BE: I don't know...I'd very much love for people to see it, particularly in Britain, because I'd love people to see what I've been getting up to. I was pretty famous in Britain when I...well, I didn't turn my back on it. I've got a sitcom on the BBC right now but I live in Australia...

GF: I started watching it today! Research!

BE: Oh good! I'd love people to know this other life I have. Most people in Britain who take an interest in me know that I married an Australian and I live over there a lot of the time and I'd love them to see this, that I don't just sit on the beach, that I've immersed myself in a different culture and become Australia. And British, I'll always be British, of course. So I'd love them to see it and I think they'd enjoy it, but I don't honestly think anywhere but...I think it's principle appeal will be Australia. It's not parochial but it is culturally embedded and I think it's lovely that we've got a cinema - look, it's a multiplex cinema, it's a beautiful cinema and it's got so many great movies and I love it - but every single one of them is an international movie. They're not even American any more. They're a global thing, they're made to feel...I mean, Thor hits in Singapore and Baghdad and New York and Perth all at the same time. It's a weekend culture assault and next week it's Spider-Man. And that's cool, that's alright, there's no problem with that. But let's not let all that noise drown out the idea that there's Australia stories to be told and they can be equally or maybe more rewarding because they're specific whereas these big multiplex opening global franchisey movies tend to be general in their appeal.

Exclusive Interview with Ben Elton!

GF: You know, most of my audience are over in America, about 90% of my readers...

BE: Ah, right...oh god, I'm talking to the wrong people! WHY ARE WE DOING THIS INTERVIEW!

GF: Oh, it's alright, I've got locals, I've got plenty of locals. But Americans like me, they like my attitude. I don't know why.

BE: (Laughs) I'm kidding, I hope it gets shown in America and I hope the people in America will embrace a film like this like we do a Coen Brother's film, you know, where we go and see Fargo or whatever and we're fascinated to see a quirky stroke of American life, and they still do, believe it or not, most American movies aren't part of the Marvel Universe and frankly they're the ones I'd rather go and see. I'd hope the people in America go see Three Summers...I mean, it's not as dark as a Coen Brother's movie...but perhaps a bit more like a Christopher Guest movie like Best in Show or whatever, and go and see some foreign comedy. To them it is a foreign comedy but we're all human, it's all universal and I love to see great indie American movies and I would hope your American readers, listeners, whatever would love to see a great Australian indie movie, because that's what this is, even though it's very funny and I hope very popular.

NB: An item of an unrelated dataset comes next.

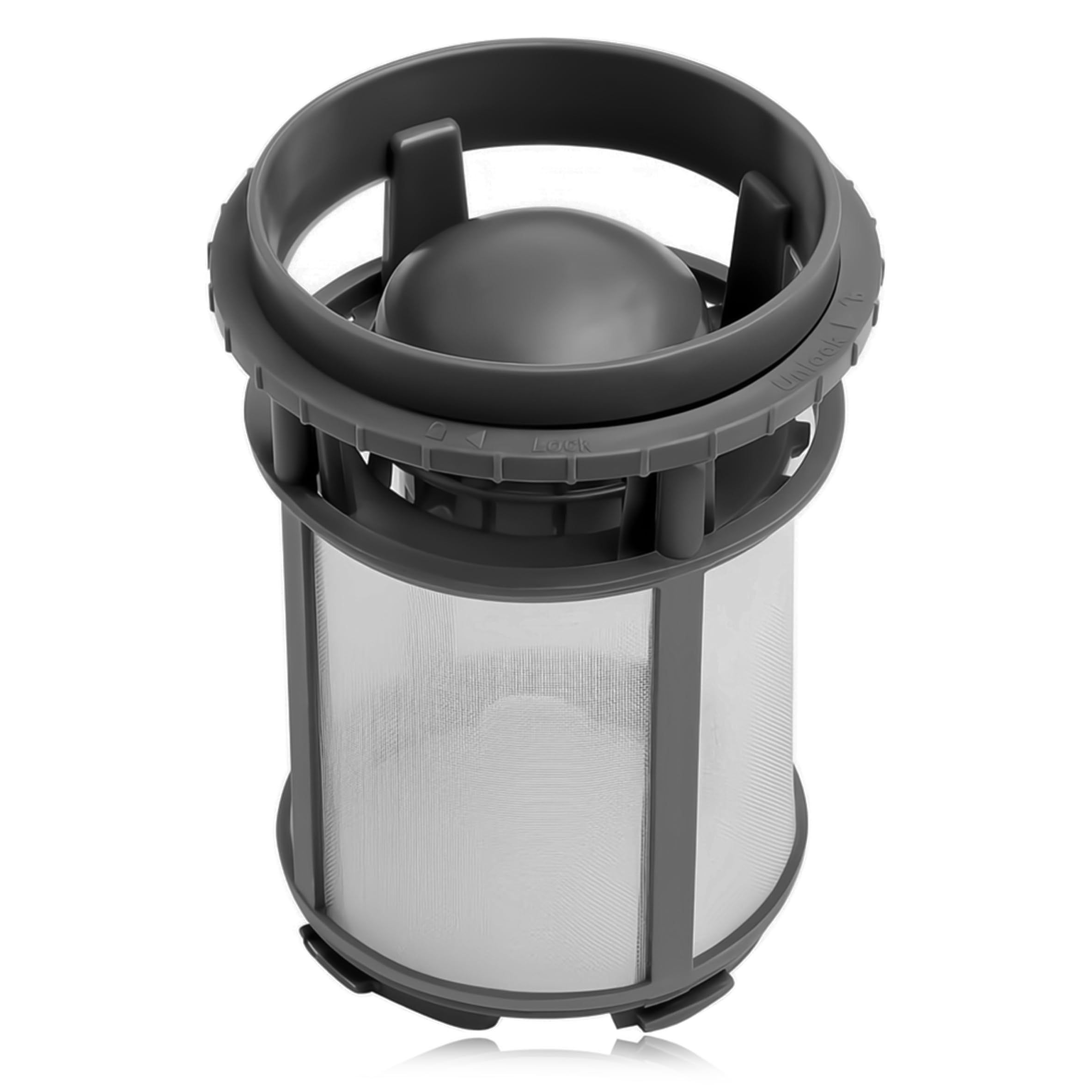Photo 1 of PartsBroz W10872845 Pump Filter - Compatible With Whirlpool Kenmore KitchenAid Jenn-Air Dishwasher - Replaces AP6030094 PS11759673 W10393351 W10465373 W10465374 W10465377 W10465379 W10693534 4454491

GF: I have a signature final question but I asked it during the Q&A last night...

GF: It was if there's any project you want people to be more aware of and you were very happy with how things have been received.

BE: Yeah, yeah...I guess it's always the thing you're promoting at the moment but I have to say, with a small film it's harder than anything. I've got a sitcom on the BBC, that, in a way, is going to do some business, you know what I mean? It's on the BBC.

BE: Yeah, Upstart Crow, my Shakespeare sitcom, but to be a small movie in a world of Thor - and no disrespect to Thor, it was great.

BE: They brought it back, they got a great new director, nonetheless in a world of 'universes' to be a small movie that says "our little universe is a local quirky story set not in a universe but in a little place", you know? It's quite hard to be cool. I guess this is the thing I want people to hear about.

GF: Well we're going to tell them, and we gave the film 9 out of 10, we thought it was...

GF: We thought it was an absolutely craic, we loved it.

BE: Well that's fantastic!

BE: Well I appreciate the time, thank you very much indeed.

And then I asked him to sign my 21 year old first edition of Popcorn, the book that kick started this journey!

Exclusive Interview with Ben Elton!

Now if you can excuse me, I'm going to geek out.